Beryl alongside her enormous girth, was also possessed of “nana arms” or “bingo wings”, those lovely large arms, with floppy folds of skin that loosely hung from her upper arms. Yet those arms were capable of beating a sponge, cream, or egg whites with a speed and strength, seemingly without effort in a way that would rival the most high spec electrical appliance.

Beryl stood a shade under 6 feet and Sid lovingly described her as being “a couple of axe-handles wide across the beam.” As a child I had no idea, what that meant, but I remember the loving glint in his eye, when he said it. They were both quietly spoken, smoked Rothmans cigarettes and lived in the same small weatherboard house built by Beryl’s father and Sid in the 1950s.
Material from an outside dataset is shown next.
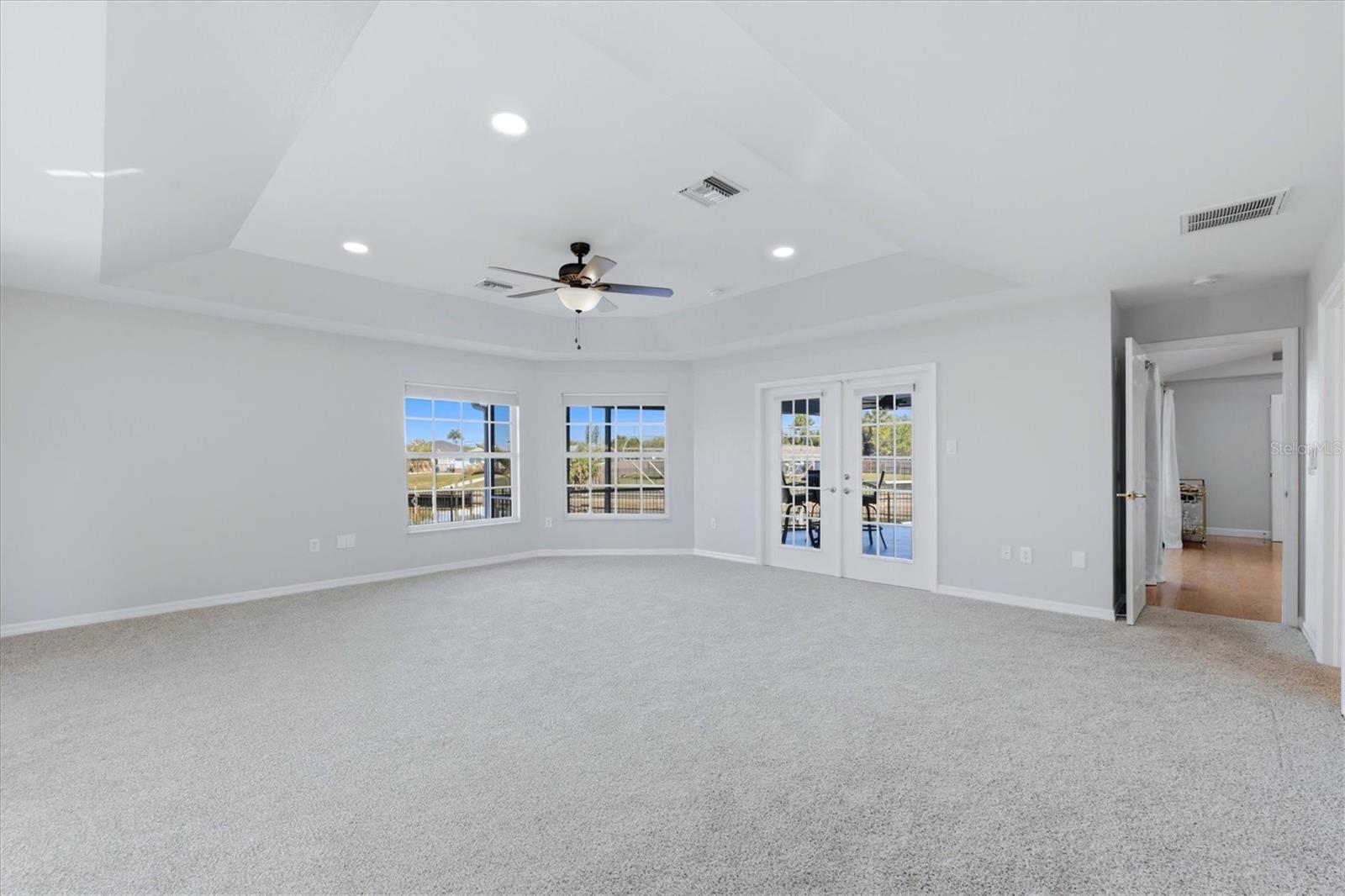 Image 24 of 52 For 3517 Port Charlotte Boulevard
Both Beryl and Sid had faces lined with age but these furrows and crags were exacerbated by a lifetime of smoking. Gradually over time the smoking had rendered their skin the same colour as the wallpaper. Indeed in some light, were it not for the floral colours of Beryl’s dress or the grey of her shoulder length hair, she would have blended chameleon-like into the background!

I recall the walls of the entire house were papered with Anaglypta wallpaper, painted cream, but several decades of continuous smoking had rendered them brown with the surface slightly sticky to the touch.

There was a hallway that ran the length of the house and if the front and back doors were open you could see from the footpath to the garden that meandered upwards at the back. In summer there were plastic strips that hung from the back, where the small kitchen was located. In the summer if the back door were left open the breeze would catch the strips creating a soft, hypnotic swishing sound.

The kitchen. like most kitchens of its vintage was designed by a man who did not cook, for the woman who predominately did.  Because of that it was completely impractical. The kitchen was tiny in proportions, there was a stainless steel sink, a few handmade wooden cupboards and a formica benchtop.  In the corner was a small four-seater formica topped dining table with chrome legs, where they ate their meals. I can remember the smell of the house even now. In summer if you approached the house from the back you would be first greeted by the delicate smell of sweat peas, then as you got to the back door the heavy thick spicy scent of the old roses that grew in the grey soil adjacent to the back door. When inside the scent changed again, the air contained a curious comforting amalgam of old apples and stale smoke.

One time when I called over I saw Beryl and Sid laughing. They didn’t just laugh like normal people, Beryl’s whole body convulsed and as she shook, her face went a brilliant red, when Sid laughed, he wheezed and his lungs rattled almost like a pair of maracas. What was the joke? “Oh Michael, you should have been here last night” Beryl heaved. “What happened?”

Sid explained that Beryl was having her evening bath. She always had an evening bath after dinner, and would fill the bath with steaming hot water to have a soak. Anyway she had filled the bath, disgorged her body from its stays and slowly eased herself into the steaming water, when somehow Beryl dislodged the plug with her toe. The water had drained before she could get out of the bath. As the water drained, Beryl’s skin had suctioned to the sides of the bath, creating a vacuum. She was trapped!

“Sid-i-ney, Sid-i-ney, I'm stuck!” Beryl called for the aid of her husband. In vain Sid tried to pull his wife from the cast iron shell in which she was now trapped. Sid had as much chance of releasing his wife as an ant did of pulling a Christmas cracker. In their panic, Sid felt he had no option and called the fire brigade. A fire engine and crew were dispatched, with sirens blaring, to their house. Neighbours from down the street, went to their front doors, looking for the smoke, of which there was none.

What to do? Several fire-fighters squeezed into the bathroom, to examine the scene and to plan a rescue. After several minutes a plan was hatched.

Beryl was covered with several towels to protect what little dignity remained and one of the officers got a grease gun and carefully shot squirts of grease between Beryl’s body and the walls of her prison. Once this was done the bath was carefully refilled with water. Slowly a long pole was wedged beneath Beryl and the bath to create a lever. After several minutes of effort, Beryl said, “she popped free like a cork from a bottle.”


Sid, recounted that after the incident when he made a pot of tea for the rescuers, one of the officers was mulling over the events of the night as he looked down into his mug and quietly exclaimed to no-one, “Geez, I’ve been called out several times to free bloody cats from trees, but this is the first time I’ve had to free a woman from a bath.”